Mikroby żywe lub martwe
To nie koniec naszych rozważań odnośnie szczegółowych cech szczepionek i tego, co dokładnie w sobie zawierają. Producenci robią wszystko, aby ich wyroby były jak najbardziej skuteczne i by organizm dziecka reagował na nie zgodnie z oczekiwaniami lekarzy. Im mocniejsze działanie szczepionki, tym lepiej, ale istnieje także ryzyko.
Czasami organizm w kontakcie z surowicą uruchamia mechanizmy obronne i wcale nie uznaje podanego środka za przyjazny. Jest tak w szczególności wówczas, gdy szczepienie zawiera w składzie żywe komórki wirusowe. Kogoś może dziwić, że są one wstrzykiwane dzieciom, ale właśnie na tym w dużej mierze polega idea szczepień.
Zakłada się, że pacjent, który będzie miał kontakt z osłabioną bakterią wytworzy dzięki temu skuteczne mechanizmy obronne. Jeśli układ odpornościowy dziecka jest z jakichś przyczyn osłabiony, lekarz podający szczepionkę powinien o tym wiedzieć. W takiej sytuacji należy przełożyć szczepienia i zaczekać aż dziecko wróci do optymalnej kondycji.
Innym rozwiązaniem jest podanie łagodniejszego środka (jeżeli takowy istnieje), który nie zawiera żywych, ale martwe wirusy.

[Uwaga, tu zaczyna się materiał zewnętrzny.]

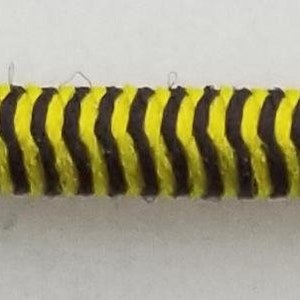 May include: A yellow and black striped cable with a zig-zag pattern.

Tak przygotowane szczepionki są bezpieczniejsze o tyle, iż rzadziej wywołują reakcje uczuleniowe i są lepiej tolerowane przez organizm. Nie zaburzają także układu immunologicznego w takim stopniu, jak ma to miejsce przy kontakcie z aktywnym mikrobem.
Przykładem szczepionki opartej o martwego wirusa, a zarazem lepszej od tej, którą funduje nam państwo jest preparat o nazwie Imovax-Polio. Jak łatwo wywnioskować ma on chronić przed groźnym wirusem polio. Wymaga podania pięciu dawek, podczas gdy „państwową” szczepionkę aplikuje się trzykrotnie.